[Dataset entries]
______________________________

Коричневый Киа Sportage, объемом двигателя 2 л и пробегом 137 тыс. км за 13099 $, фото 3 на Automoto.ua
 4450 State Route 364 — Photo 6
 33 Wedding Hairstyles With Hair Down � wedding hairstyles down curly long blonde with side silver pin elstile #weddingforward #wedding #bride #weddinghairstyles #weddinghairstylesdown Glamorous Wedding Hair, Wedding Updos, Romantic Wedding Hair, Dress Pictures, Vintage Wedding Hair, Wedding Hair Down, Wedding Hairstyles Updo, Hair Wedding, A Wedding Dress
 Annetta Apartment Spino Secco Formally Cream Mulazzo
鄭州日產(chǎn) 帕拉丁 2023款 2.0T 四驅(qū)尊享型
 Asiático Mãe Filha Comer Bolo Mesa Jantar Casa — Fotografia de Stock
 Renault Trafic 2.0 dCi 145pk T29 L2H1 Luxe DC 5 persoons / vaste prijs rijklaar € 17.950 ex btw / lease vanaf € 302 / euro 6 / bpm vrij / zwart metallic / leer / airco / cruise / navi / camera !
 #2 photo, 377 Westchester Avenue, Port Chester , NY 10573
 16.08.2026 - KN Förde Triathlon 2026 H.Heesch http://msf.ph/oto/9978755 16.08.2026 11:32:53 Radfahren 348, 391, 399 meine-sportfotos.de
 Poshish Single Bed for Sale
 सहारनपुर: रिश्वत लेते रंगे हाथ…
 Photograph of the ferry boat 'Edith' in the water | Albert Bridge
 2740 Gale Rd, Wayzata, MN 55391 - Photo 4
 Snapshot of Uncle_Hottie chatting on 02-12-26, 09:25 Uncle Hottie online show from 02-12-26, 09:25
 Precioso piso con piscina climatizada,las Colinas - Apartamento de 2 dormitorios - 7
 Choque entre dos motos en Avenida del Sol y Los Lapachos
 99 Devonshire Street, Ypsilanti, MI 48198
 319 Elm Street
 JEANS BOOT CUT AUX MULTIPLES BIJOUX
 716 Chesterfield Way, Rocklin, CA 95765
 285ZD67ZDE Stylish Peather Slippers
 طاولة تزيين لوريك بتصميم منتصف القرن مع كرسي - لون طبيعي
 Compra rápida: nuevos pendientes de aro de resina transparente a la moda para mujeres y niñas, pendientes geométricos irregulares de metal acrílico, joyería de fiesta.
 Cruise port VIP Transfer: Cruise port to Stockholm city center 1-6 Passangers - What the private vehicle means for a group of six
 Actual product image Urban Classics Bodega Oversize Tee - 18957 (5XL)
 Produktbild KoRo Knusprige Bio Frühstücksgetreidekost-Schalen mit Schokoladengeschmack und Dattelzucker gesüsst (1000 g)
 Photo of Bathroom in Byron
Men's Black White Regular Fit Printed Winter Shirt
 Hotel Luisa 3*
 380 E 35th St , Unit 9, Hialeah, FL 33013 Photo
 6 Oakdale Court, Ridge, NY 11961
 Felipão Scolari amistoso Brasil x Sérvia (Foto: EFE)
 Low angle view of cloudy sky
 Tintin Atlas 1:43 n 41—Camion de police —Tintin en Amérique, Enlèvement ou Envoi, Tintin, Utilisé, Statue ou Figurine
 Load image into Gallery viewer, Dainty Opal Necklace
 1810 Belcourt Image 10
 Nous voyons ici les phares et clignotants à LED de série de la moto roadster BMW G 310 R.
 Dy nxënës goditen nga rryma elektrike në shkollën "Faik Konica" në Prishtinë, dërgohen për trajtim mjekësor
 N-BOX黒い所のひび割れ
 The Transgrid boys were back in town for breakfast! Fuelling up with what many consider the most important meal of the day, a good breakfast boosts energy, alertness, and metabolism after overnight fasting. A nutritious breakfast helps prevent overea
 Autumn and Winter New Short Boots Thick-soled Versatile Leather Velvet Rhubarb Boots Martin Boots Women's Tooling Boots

______________________________

* [PROMPT]:
Where a line in the records above includes the string "Street", show it.

* [YOUR RESPONSE]:
 99 Devonshire Street, Ypsilanti, MI 48198
 319 Elm Street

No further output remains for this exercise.